Shown below is a listing with pictures; reproduce exactly, and only, the lines between the ones containing "Radical Hair Clinic" and "4' X 9' Antique", inclusive, leaving the pictures out.

EXTRACTED ENTRIES -
------------------------------------------------------------------------

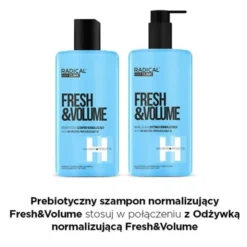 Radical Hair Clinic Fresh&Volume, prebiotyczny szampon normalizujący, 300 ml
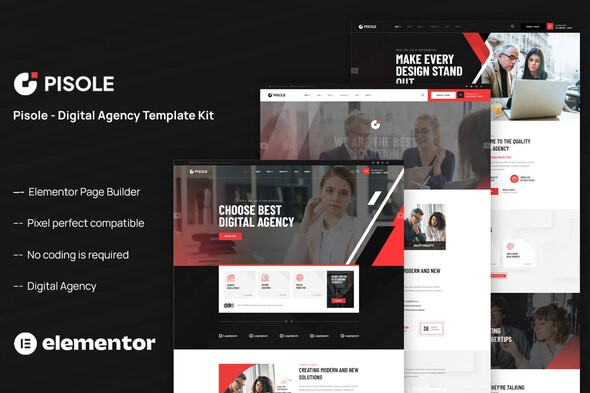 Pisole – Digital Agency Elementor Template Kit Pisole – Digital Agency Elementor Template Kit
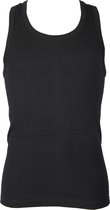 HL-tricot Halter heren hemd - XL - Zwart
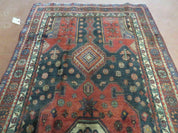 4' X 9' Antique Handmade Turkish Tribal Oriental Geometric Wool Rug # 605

------------------------------------------------------------------------

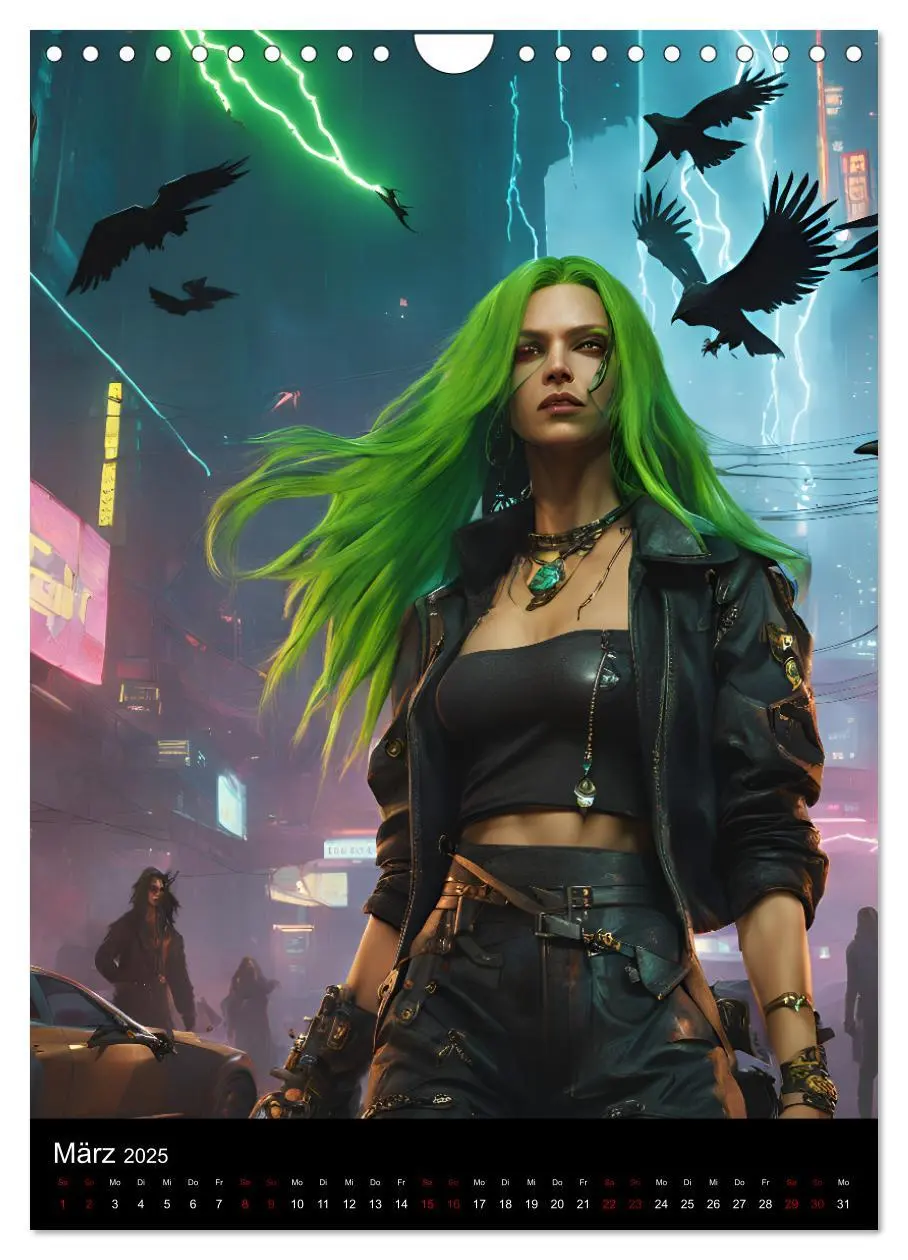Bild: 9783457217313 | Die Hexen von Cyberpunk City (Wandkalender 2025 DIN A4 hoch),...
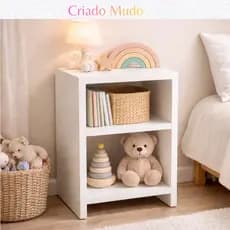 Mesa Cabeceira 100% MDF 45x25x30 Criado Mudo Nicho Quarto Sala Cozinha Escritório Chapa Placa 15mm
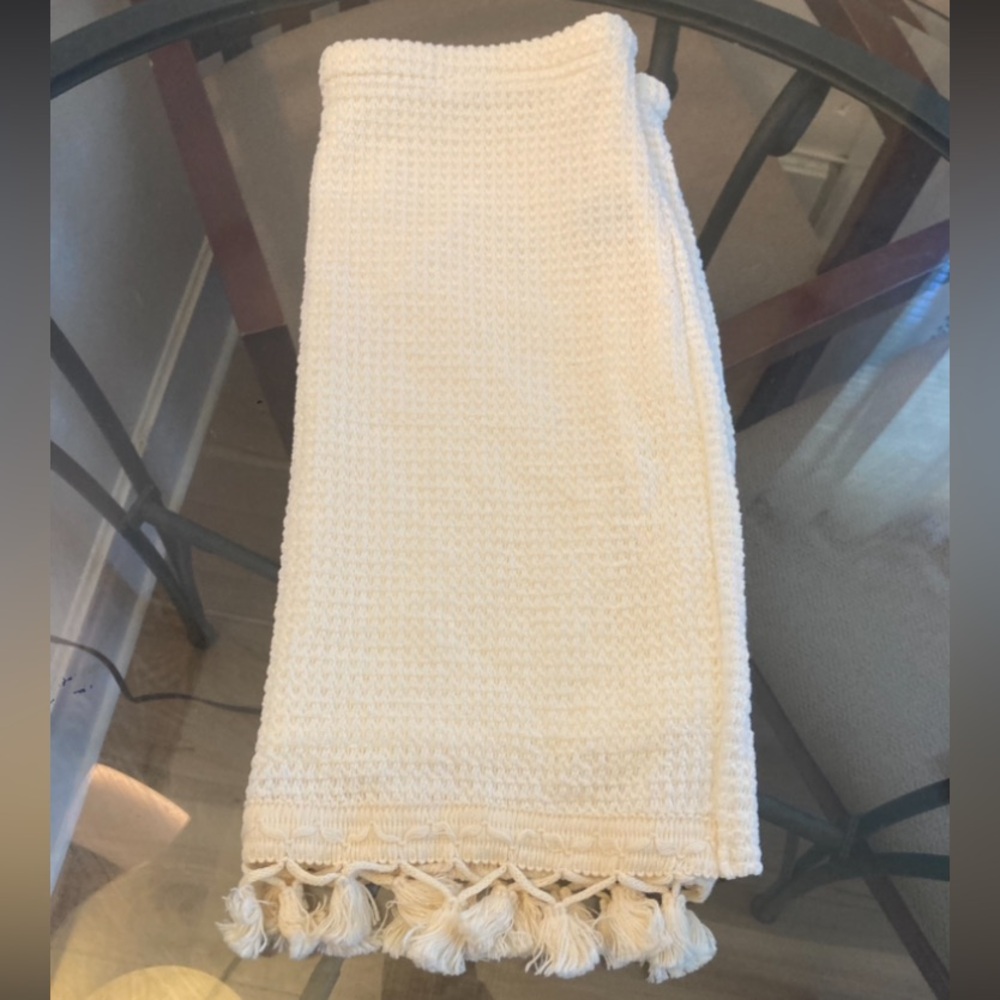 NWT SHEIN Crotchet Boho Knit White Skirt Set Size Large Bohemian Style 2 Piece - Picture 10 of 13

------------------------------------------------------------------------

TASK SOLUTION -
 Radical Hair Clinic Fresh&Volume, prebiotyczny szampon normalizujący, 300 ml
 Pisole – Digital Agency Elementor Template Kit Pisole – Digital Agency Elementor Template Kit
 HL-tricot Halter heren hemd - XL - Zwart
 4' X 9' Antique Handmade Turkish Tribal Oriental Geometric Wool Rug # 605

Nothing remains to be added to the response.